Domagoj Burilović / Dorf
The work of Domagoj Burilović under the title “Dorf” (German for village) comprises complex layers of the present, past, and future of the Slavonian space. Burilović has been conducting his visual fieldwork in the area of the whole of Eastern Slavonia, which encompasses Vukovar-Srijem County, Osijek County, and the eastern part of Brod-Posavina County. Although the artist records the present, by treatment and montage of the motifs he puts in the focus, these objects are wrapped with additional atmospheres, which take in a spectator in the author’s preoccupations pregnant with historical layering.
For several years, Domagoj Burilović has been passionately tackling the architecture of the villages of Eastern Slavonia which was created by ethnical Germans, who were settled in Slavonia in a few waves: in the time of the empress Maria Theresia, then under the reign of her son Joseph, but also, as the artist has recorded, there are cases of settling down at the beginning of WWII. These objects which Burilović divided into two typologies – gable (agrarian) and longitudinal (craftsman’s) type, – have been rapidly vanishing from the space of Slavonian villages: Retkovci, Mirkovci, Babina Greda, Petrovci, Novi Jankovci, Otok, Bošnjaci, Cerna, Šiškovci, … these are just some of the names in the topography of this profound research, motivated by sincere enthusiasm for an understanding of the phenomenology which enters the frame of his lenses.
Namely, besides photo-recording Burilović (in)forms his artistic gaze with abundant studies of the expert literature that enables his extraordinarily strident, objective, simultaneously hyper-realistic, and surreal angle. Burilović’s work, with his artistic dispositive, questions the relationship between photo collages and collaging of historical facts. His work is based on the cognition of the historical and ethnological facts, so we can say that the work that Burilović carries out is manifold and incorporates field work, camera work, and recording of the vernacular architecture that is disappearing, written notes about each of these objects, studies in expert literature, artistic treatment of the photography, creation of the artistic representation, etc.
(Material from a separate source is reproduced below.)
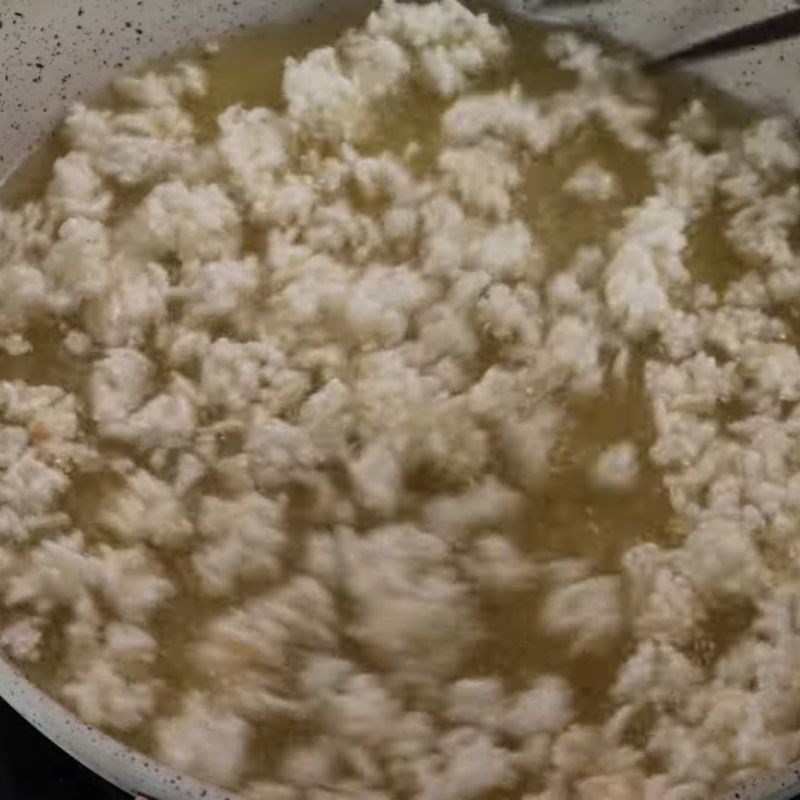 Bước 2 Chiên cơm khô giòn rụm cơm cháy từ cơm nguội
We are talking here about the outstandingly demanding roles of an artist, a curator, and producer of one’s work, but also about the undertaking of a self-taught visual anthropologist who performs exceptionally important work which, in the scientific field of ethnology, is known as „rescue ethnology“. If Domagoj Burilović had not taken over that series of social roles, the past, present, and future of these idiosyncratic objects that vehemently enrich Slavonian space with their beauty, would have been completely lost. That is a le fait social.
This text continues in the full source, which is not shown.